Dobře prověřená Lizetka

This story was first published in Škvorecký’s collection Hořkej svět (The Bitter World) in 1969). It represents an early phase of the author’s writing. Using first-person narrative and a deliberately subjective perspective, the author introduces an “angry young man” trapped under social (and especially) political circumstances. Such a narrative structure has the advantage of using the pattern of the Bildungsroman in a short story; the narrator goes through a process of recognizing aspects of life he had not expected before.

The story takes places during the years right after the Communist takeover in 1948. It talks about the prověrky, a political screening; newly established committees made both of proletarian university students and a few former professors who met the ideological criteria would decide who should continue his/her studies and who should be expelled from his/her universities. Using such a topic, Škvorecký introduces the typical Czech Communist newspeak (e.g. živel (element), třída (class), dělnictví (proletariat), původ (origin)). As a response to this language, the narrator escapes into the “authentic” vulgar language that is paradoxically more human than that of the ideology.

The other topic of the story is the role of the image. Such an image, shaped according to the demands and needs of each era, allows Lizetka to make career under any circumstances. In a way quite similar to that of Václav Havel’s plays from the 1960s, Škvorecký shows the smoothness of one’s career after adapting one’s language and approach to the necessary ideological style.

One might guess how much the story refers to real personae. Jan Nacamec [pronounced in Czech in the same way as Nadsamec (“supermale” fromnad “beyond” samec “male animal”) may stand for Pavel Kohout; it may be possible find an equivalent to Lizetka as well. Škvorecký, however, is more interested in types than in taking his revenge from the 1960’s point of view.
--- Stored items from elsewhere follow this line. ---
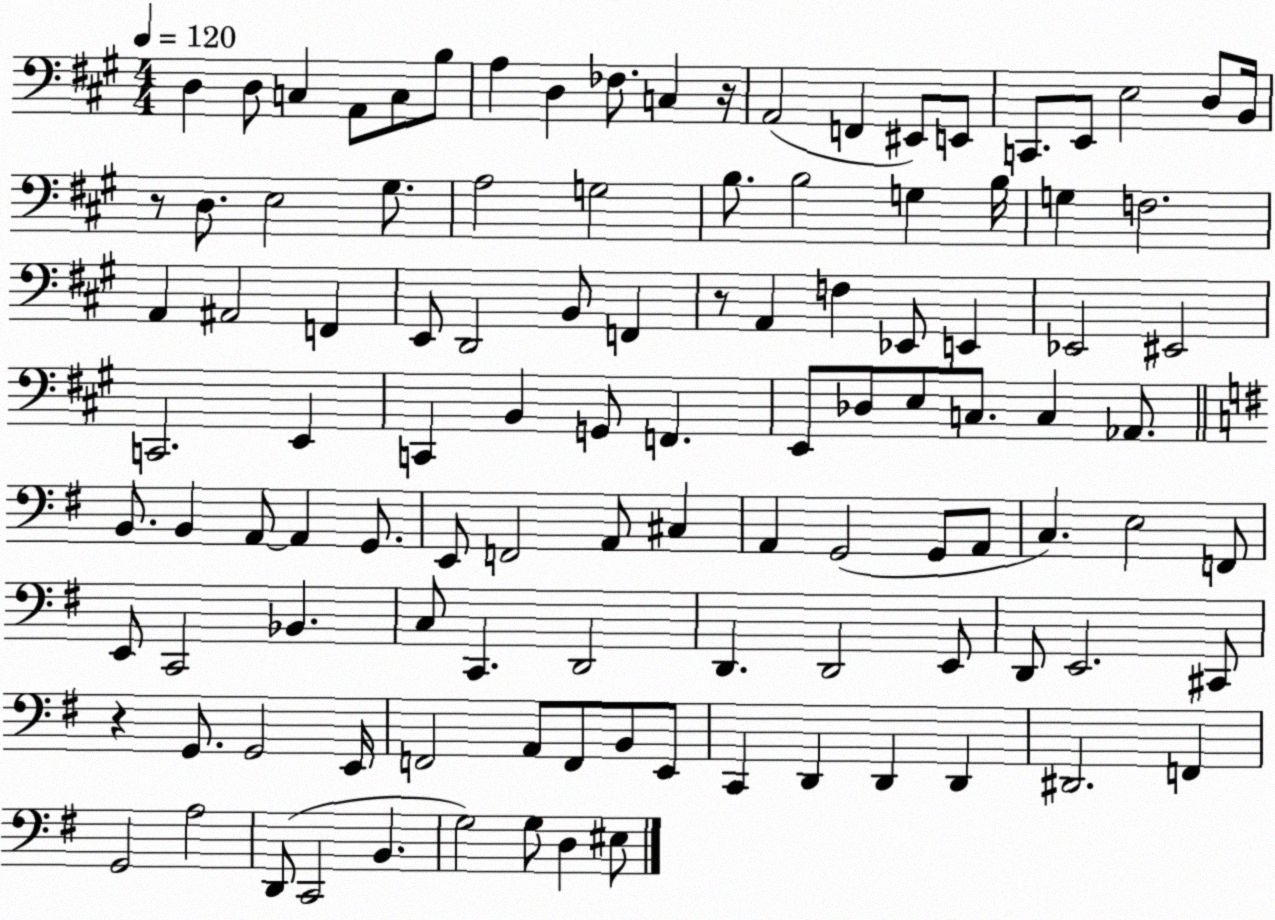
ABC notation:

X:1
T:Untitled
M:4/4
L:1/4
K:A
D, D,/2 C, A,,/2 C,/2 B,/2 A, D, _F,/2 C, z/4 A,,2 F,, ^E,,/2 E,,/2 C,,/2 E,,/2 E,2 D,/2 B,,/4 z/2 D,/2 E,2 ^G,/2 A,2 G,2 B,/2 B,2 G, B,/4 G, F,2 A,, ^A,,2 F,, E,,/2 D,,2 B,,/2 F,, z/2 A,, F, _E,,/2 E,, _E,,2 ^E,,2 C,,2 E,, C,, B,, G,,/2 F,, E,,/2 _D,/2 E,/2 C,/2 C, _A,,/2 B,,/2 B,, A,,/2 A,, G,,/2 E,,/2 F,,2 A,,/2 ^C, A,, G,,2 G,,/2 A,,/2 C, E,2 F,,/2 E,,/2 C,,2 _B,, C,/2 C,, D,,2 D,, D,,2 E,,/2 D,,/2 E,,2 ^C,,/2 z G,,/2 G,,2 E,,/4 F,,2 A,,/2 F,,/2 B,,/2 E,,/2 C,, D,, D,, D,, ^D,,2 F,, G,,2 A,2 D,,/2 C,,2 B,, G,2 G,/2 D, ^E,/2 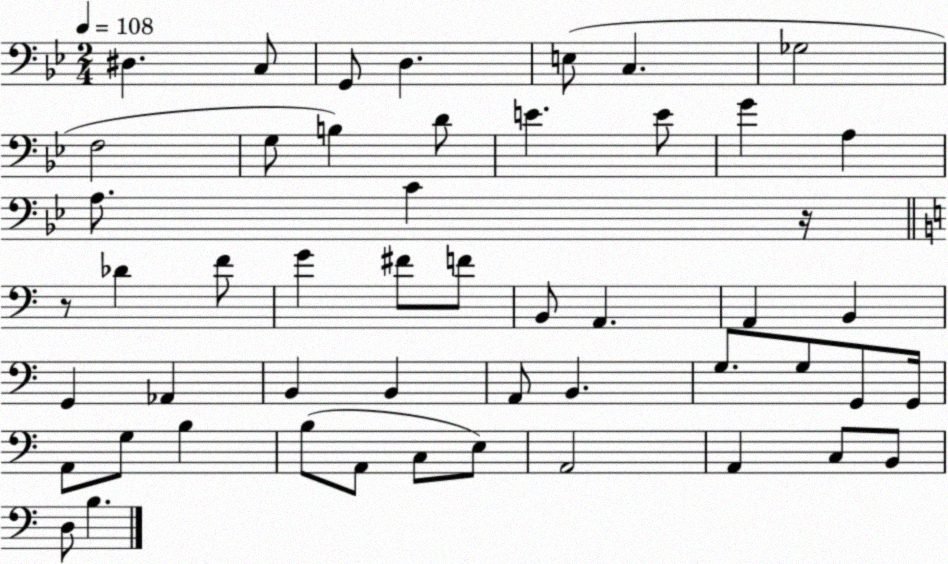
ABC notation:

X:1
T:Untitled
M:2/4
L:1/4
K:Bb
^D, C,/2 G,,/2 D, E,/2 C, _G,2 F,2 G,/2 B, D/2 E E/2 G A, A,/2 C z/4 z/2 _D F/2 G ^F/2 F/2 B,,/2 A,, A,, B,, G,, _A,, B,, B,, A,,/2 B,, G,/2 G,/2 G,,/2 G,,/4 A,,/2 G,/2 B, B,/2 A,,/2 C,/2 E,/2 A,,2 A,, C,/2 B,,/2 D,/2 B, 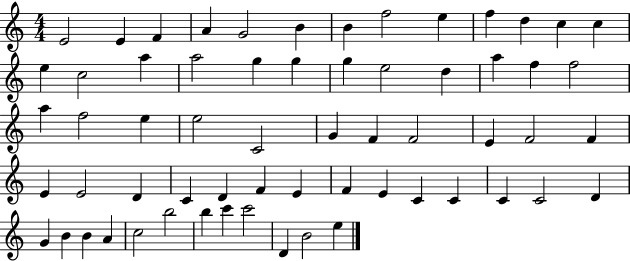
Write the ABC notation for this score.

X:1
T:Untitled
M:4/4
L:1/4
K:C
E2 E F A G2 B B f2 e f d c c e c2 a a2 g g g e2 d a f f2 a f2 e e2 C2 G F F2 E F2 F E E2 D C D F E F E C C C C2 D G B B A c2 b2 b c' c'2 D B2 e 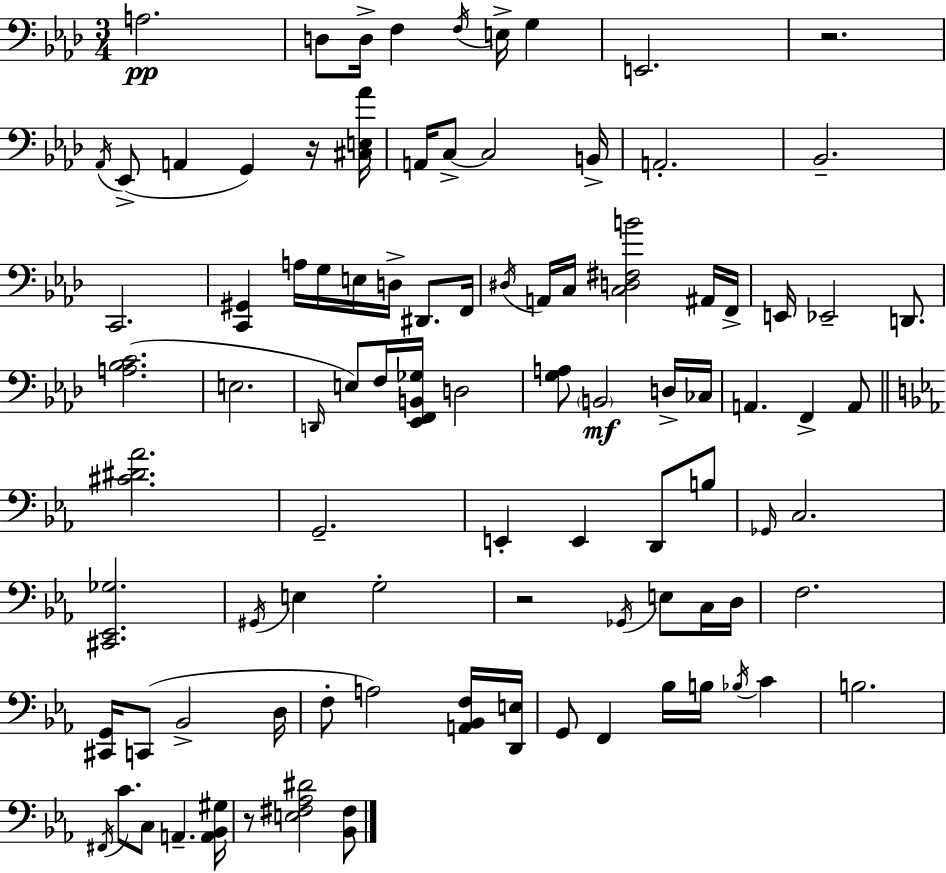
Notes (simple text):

A3/h. D3/e D3/s F3/q F3/s E3/s G3/q E2/h. R/h. Ab2/s Eb2/e A2/q G2/q R/s [C#3,E3,Ab4]/s A2/s C3/e C3/h B2/s A2/h. Bb2/h. C2/h. [C2,G#2]/q A3/s G3/s E3/s D3/s D#2/e. F2/s D#3/s A2/s C3/s [C3,D3,F#3,B4]/h A#2/s F2/s E2/s Eb2/h D2/e. [A3,Bb3,C4]/h. E3/h. D2/s E3/e F3/s [Eb2,F2,B2,Gb3]/s D3/h [G3,A3]/e B2/h D3/s CES3/s A2/q. F2/q A2/e [C#4,D#4,Ab4]/h. G2/h. E2/q E2/q D2/e B3/e Gb2/s C3/h. [C#2,Eb2,Gb3]/h. G#2/s E3/q G3/h R/h Gb2/s E3/e C3/s D3/s F3/h. [C#2,G2]/s C2/e Bb2/h D3/s F3/e A3/h [A2,Bb2,F3]/s [D2,E3]/s G2/e F2/q Bb3/s B3/s Bb3/s C4/q B3/h. F#2/s C4/e. C3/e A2/q. [A2,Bb2,G#3]/s R/e [E3,F#3,Ab3,D#4]/h [Bb2,F#3]/e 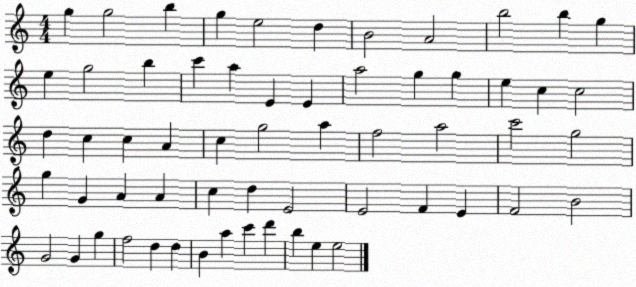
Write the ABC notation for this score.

X:1
T:Untitled
M:4/4
L:1/4
K:C
g g2 b g e2 d B2 A2 b2 b g e g2 b c' a E E a2 g g e c c2 d c c A c g2 a f2 a2 c'2 g2 g G A A c d E2 E2 F E F2 B2 G2 G g f2 d d B a c' d' b e e2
Though he hyperbolizes and simplifies a lot, one aspect is evident: as a whole, Škvorecký finds the Czech reality of 1950’s bizarre, grotesque, and absurd enough to quote it, allude to it without the need of a writer’s fancy and imagination.

The story utilizes tension between the “high” ideological language and the “low” authentic vernacular. Some vulgar words play the role of boxes for emotions, disgust, and, last but not least, fascination with the events.